Those who are caught crossing into Canada illegally through an unmanned part of the border are taken into custody by the RCMP and undergo a series of identification checks before being turned over to the Canada Border Services Agency for processing.
In the last few months, dozens of asylum seekers have illegally crossed into Canada along the Manitoba and Quebec borders with the U.S.
"The world is literally swimming in refugees," Manley told host Rosemary Barton. "We figure we can take in and manage about 40,000 a year. Do we really need to take people from the United States?"
"People have misgivings about Donald Trump … OK, but it's still the United States. It's not Homs, Syria, or Mosul in Iraq. To me, if you said you were a refugee today, where would you like to be, in Iraq or Syracuse? I'm picking Syracuse," said Manley.
Asking the wrong question
University of Toronto law professor Audrey Macklin said Manley is asking the wrong question.
"The question is: if you were from Iraq, would you rather ask for refugee protection in Syracuse, where the president calls people like you terrorists and authorities will throw you in detention, deny you a fair hearing and possibly deport [you] to Iraq," said Macklin. Or "would you rather try Canada, where you at least have a chance at a fair hearing to determine whether you are a refugee?" she asked.

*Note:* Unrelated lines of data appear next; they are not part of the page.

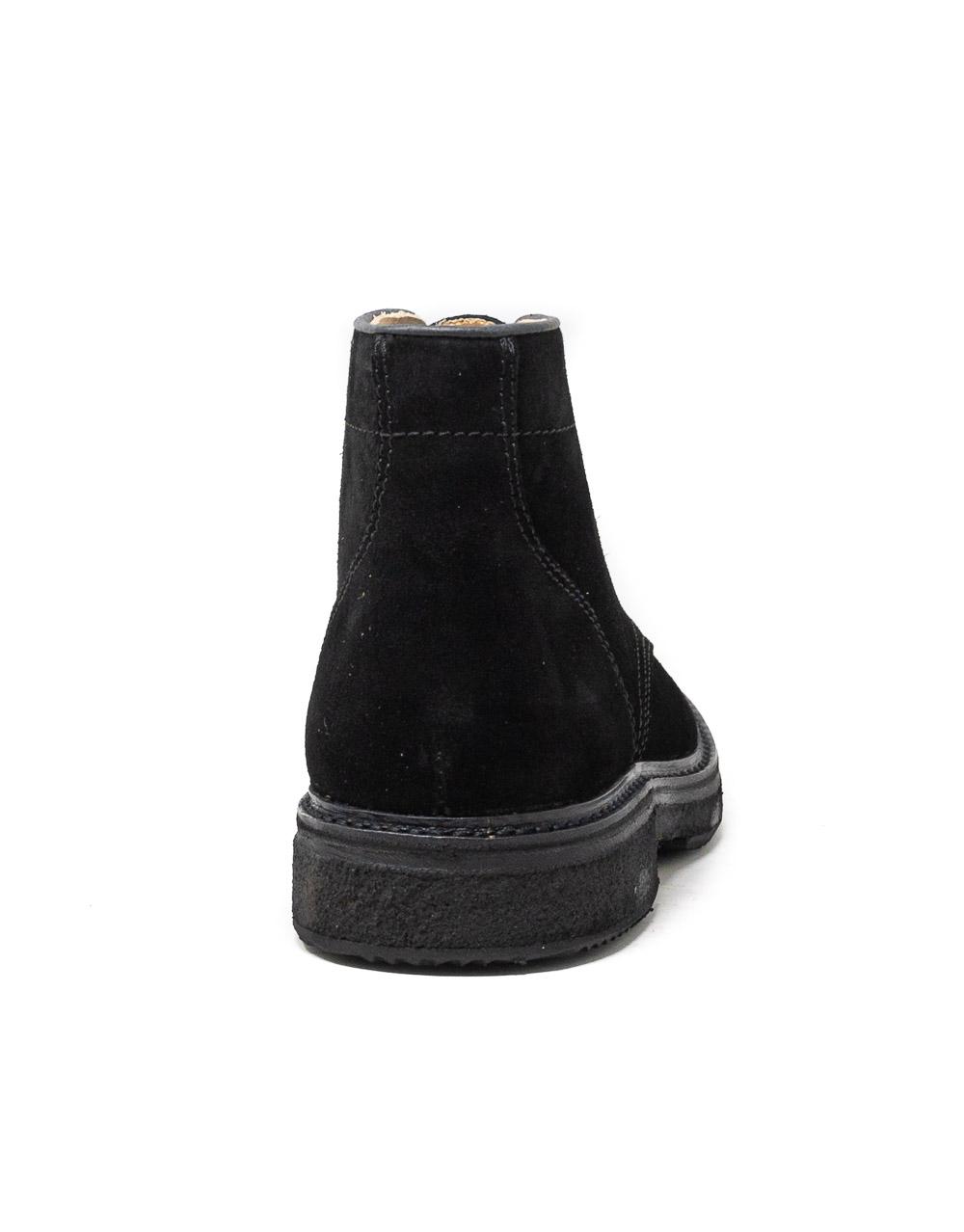 Wally Walker Astorflex – stivale uomo scamosciato Nuvoflex 001 Nero Prezzo Ridotto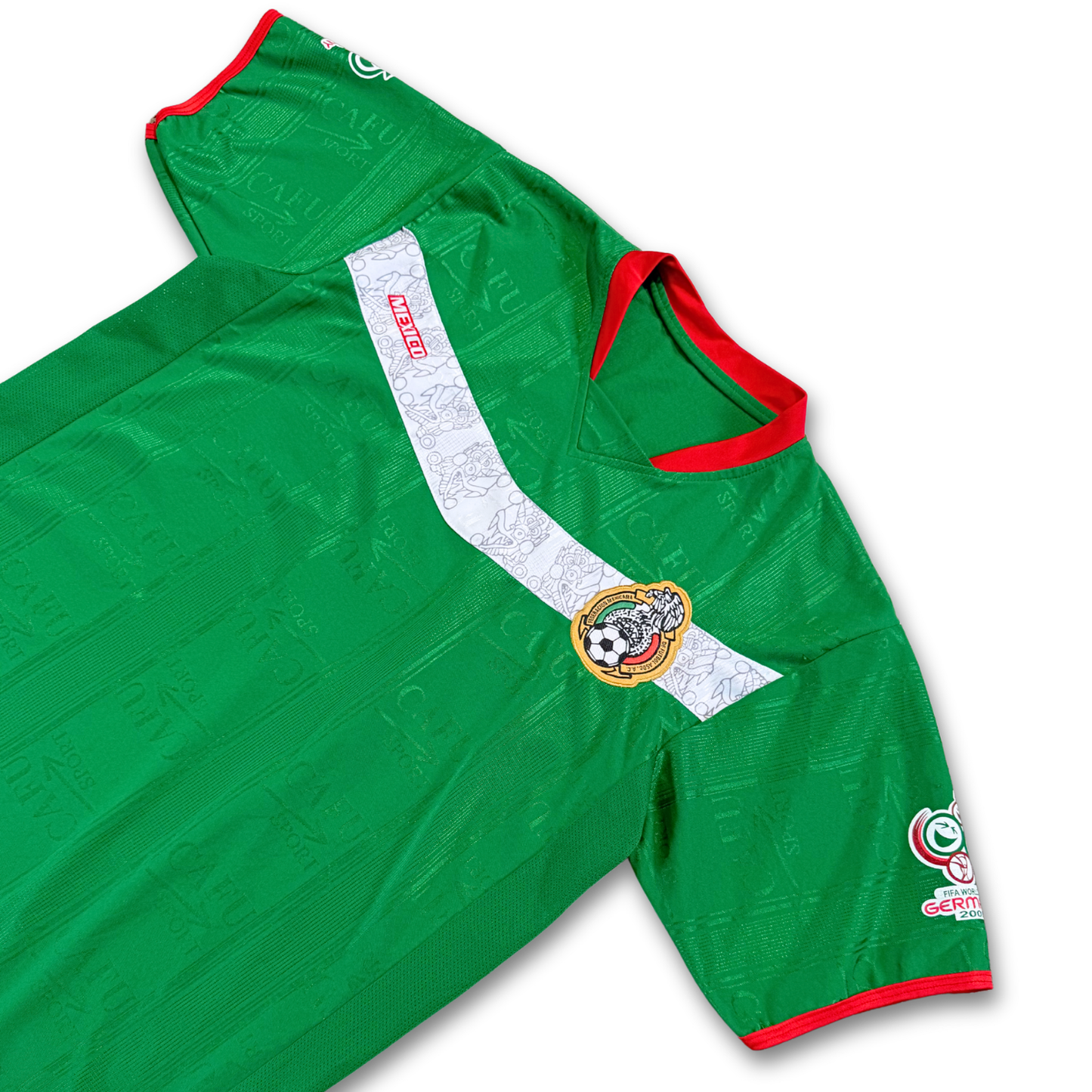 Mexico 2006 World Cup Home Football Jersey (L)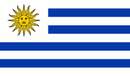Uruguay 3'X5' Flag ROUGH TEX® 68D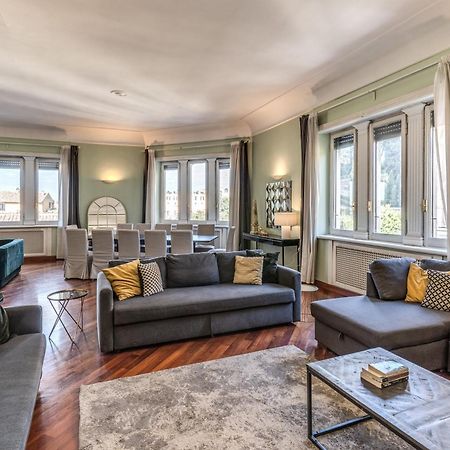Downtown Srl - Imperial Panorama Penthouse Apartman Róma Kültér fotó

Macklin is one of more than 200 law professors urging the federal government to suspend the agreement. The NDP has also pressed the government to suspend the agreement.
According to the government of Canada website, "Only countries that respect human rights and offer a high degree of protection to asylum seekers may be designated as safe third countries." NDP immigration critic Jenny Kwan said the United States no longer meets the government's criteria.
"It is clear that many refugees no longer feel safe in the United States. The executive orders from President Trump, the massive crackdown on undocumented immigrants, as well as forthcoming immigration orders, all make it very clear that the United States under President Trump no longer meets that criteria," said Kwan.
"The continuation of this agreement will guarantee that we will see even more illegal border crossings with asylum seekers risking life and limb, because they have no other choice," she said.
Government update Thursday
Prime Minister Justin Trudeau took questions from media in Calgary early Wednesday and addressed the recent influx of asylum seekers.
"We know that Canadians and ourselves are very alert to ensuring both the integrity of our borders and the strength of our immigration system. That's why we're making sure that all laws are properly being followed and enforced and that the amazing communities that have done such a great job of welcoming people in very difficult situations get the support they need," said Trudeau.
"We can reassure Canadians that we have a strong and robust system for processing these new arrivals, but at the same time, we are working with all levels of government and indeed talking with our counterparts in the United States to ensure that we are addressing the situation properly," he said.
Officials from the Department of Immigration, Refugees and Citizenship, the RCMP and the Canada Border Services Agency are scheduled to brief the media Thursday on the government's approach to dealing with the influx of asylum seekers.